Widely regarded by his colleagues as one of the leading criminal-law scholars on campus, Kadish is responsible for several major developments within Berkeley Law. Kadish played an integral role in founding the Jurisprudence and Social Policy Program, which allows law students to analyze law from a social-policy standpoint while integrating other fields of study such as political science, history and sociology.
Law professor Jesse Choper, who succeeded Kadish as dean, considers this program to be Kadish’s most significant enterprise as dean. Established in 1978, the program helped set the law school apart from others, Choper said. Though 14 years apart in age, Choper and Kadish were incredibly close.
“I was the younger brother that he never had, and he was certainly the older brother that I never had,” Choper said. “He was the wisest person that I have ever met.”
Additionally, Kadish, alongside his wife June, conceived the Kadish Center for Morality, Law and Public Affairs in 2000. The center promotes research on the exercise of state power and aims to analyze the degree to which the criminal-law system is morally justified.
Kadish launched a seminar that brought university scholars together with some of the most interesting and prominent legal and political thinkers in the world, said Christopher Kutz, law professor and director of the Kadish Center, in an email.

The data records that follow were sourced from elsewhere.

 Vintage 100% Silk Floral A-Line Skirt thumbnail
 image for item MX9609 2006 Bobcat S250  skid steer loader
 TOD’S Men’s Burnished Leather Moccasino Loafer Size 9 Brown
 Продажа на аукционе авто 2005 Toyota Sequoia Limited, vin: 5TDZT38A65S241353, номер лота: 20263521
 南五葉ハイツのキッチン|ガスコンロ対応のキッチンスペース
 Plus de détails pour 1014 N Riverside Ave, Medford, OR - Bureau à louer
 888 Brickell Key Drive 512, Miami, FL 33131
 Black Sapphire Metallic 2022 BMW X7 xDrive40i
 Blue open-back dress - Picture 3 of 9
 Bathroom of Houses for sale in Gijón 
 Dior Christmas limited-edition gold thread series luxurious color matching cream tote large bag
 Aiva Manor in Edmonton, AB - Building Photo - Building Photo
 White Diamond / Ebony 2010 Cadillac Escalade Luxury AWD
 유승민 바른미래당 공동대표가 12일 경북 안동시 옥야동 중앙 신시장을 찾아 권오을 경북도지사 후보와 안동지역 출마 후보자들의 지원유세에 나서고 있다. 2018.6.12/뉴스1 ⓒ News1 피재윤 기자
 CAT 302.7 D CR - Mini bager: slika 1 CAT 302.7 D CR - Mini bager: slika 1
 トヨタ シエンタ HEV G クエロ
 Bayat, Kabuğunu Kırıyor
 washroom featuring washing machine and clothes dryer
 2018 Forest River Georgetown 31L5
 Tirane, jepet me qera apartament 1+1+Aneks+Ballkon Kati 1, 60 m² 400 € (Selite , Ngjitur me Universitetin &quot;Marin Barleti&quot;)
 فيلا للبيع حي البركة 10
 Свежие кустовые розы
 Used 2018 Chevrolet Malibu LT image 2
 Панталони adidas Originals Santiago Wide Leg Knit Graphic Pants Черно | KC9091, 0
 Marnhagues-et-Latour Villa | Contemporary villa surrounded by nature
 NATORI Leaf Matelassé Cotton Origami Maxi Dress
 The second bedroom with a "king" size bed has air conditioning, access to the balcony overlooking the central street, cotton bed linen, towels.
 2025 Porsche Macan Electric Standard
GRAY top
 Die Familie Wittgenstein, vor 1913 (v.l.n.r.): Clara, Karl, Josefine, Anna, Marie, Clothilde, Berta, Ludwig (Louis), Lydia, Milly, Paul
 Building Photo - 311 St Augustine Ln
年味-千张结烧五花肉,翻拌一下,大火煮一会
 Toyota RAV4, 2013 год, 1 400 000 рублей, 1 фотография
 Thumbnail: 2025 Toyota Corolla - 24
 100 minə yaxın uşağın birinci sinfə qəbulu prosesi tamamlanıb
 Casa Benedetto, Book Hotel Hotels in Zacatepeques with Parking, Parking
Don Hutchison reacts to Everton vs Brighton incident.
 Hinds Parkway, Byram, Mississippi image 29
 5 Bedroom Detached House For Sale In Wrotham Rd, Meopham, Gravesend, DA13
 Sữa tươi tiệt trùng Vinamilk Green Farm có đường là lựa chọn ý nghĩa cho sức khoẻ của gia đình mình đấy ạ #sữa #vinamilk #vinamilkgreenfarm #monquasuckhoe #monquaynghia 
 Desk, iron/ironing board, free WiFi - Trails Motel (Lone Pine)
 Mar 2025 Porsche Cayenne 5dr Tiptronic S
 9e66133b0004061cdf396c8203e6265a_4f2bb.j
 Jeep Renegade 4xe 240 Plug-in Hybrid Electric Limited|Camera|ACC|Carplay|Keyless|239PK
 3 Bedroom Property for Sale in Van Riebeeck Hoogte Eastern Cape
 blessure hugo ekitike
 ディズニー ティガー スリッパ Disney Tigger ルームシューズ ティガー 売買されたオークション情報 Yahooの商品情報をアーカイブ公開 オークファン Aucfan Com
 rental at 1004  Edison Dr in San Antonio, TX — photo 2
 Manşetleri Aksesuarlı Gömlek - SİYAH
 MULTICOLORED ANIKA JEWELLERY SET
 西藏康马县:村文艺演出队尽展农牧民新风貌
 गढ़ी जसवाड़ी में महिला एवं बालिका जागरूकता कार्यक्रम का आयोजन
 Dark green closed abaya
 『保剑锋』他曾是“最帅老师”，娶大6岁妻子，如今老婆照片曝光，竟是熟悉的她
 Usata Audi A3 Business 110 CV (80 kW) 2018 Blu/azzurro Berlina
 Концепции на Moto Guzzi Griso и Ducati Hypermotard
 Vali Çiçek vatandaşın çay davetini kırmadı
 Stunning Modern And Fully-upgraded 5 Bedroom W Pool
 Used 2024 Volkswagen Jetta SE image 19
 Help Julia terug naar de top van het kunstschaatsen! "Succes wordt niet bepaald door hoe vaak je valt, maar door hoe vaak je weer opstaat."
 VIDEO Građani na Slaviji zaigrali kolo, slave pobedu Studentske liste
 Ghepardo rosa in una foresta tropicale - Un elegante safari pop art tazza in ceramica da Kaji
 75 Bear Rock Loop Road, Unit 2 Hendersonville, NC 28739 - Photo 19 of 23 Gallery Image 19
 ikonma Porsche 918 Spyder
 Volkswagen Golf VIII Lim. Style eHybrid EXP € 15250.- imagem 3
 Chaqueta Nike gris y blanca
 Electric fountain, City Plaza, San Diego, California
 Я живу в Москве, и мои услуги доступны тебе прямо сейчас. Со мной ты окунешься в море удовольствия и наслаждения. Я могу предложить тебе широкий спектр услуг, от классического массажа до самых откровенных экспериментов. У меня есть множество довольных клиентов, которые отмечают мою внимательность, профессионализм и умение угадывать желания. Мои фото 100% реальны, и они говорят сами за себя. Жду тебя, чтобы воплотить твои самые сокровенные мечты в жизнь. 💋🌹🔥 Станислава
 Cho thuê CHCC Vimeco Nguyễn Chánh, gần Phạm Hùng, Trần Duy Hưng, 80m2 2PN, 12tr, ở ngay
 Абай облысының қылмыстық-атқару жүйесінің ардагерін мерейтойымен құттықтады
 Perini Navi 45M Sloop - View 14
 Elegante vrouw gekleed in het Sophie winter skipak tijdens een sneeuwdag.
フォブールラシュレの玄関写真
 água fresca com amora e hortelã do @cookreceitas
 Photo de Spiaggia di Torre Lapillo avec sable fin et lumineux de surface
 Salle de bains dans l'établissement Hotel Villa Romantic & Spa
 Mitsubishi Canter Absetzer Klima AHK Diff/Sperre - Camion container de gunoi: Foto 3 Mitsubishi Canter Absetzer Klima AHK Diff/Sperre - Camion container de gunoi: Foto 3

“One of the things that I love about being at Berkeley is being part of the large community (Kadish) created,” Kutz said. “I miss him dearly, but I am glad that what he created will go on.”
Beyond his impact on UC Berkeley, Kadish also led several national law associations. Most notably, Kadish served as president of both the American Association of University Professors and of the Association of American Law Schools.
New York University School of Law professor Stephen Schulhofer, who collaborated with Kadish in authoring “Criminal Law and Its Processes,” said he will continue to channel Kadish when he lectures and guides student dialogues.
“I felt then, though much more intensely, an experience that is repeated for me many times throughout the semester, that of (Kadish’s) voice in my head, kind but unyielding,” Schulhofer said in an email, referring to his initial reaction to the news of Kadish’s passing. “His presence will continue to be felt, and treasured, by countless colleagues, students and law school alums.”
Kadish is survived by his two sons Josh and Peter Kadish, seven grandchildren and three great-grandchildren. His family plans to hold a memorial service for friends and UC Berkeley community members.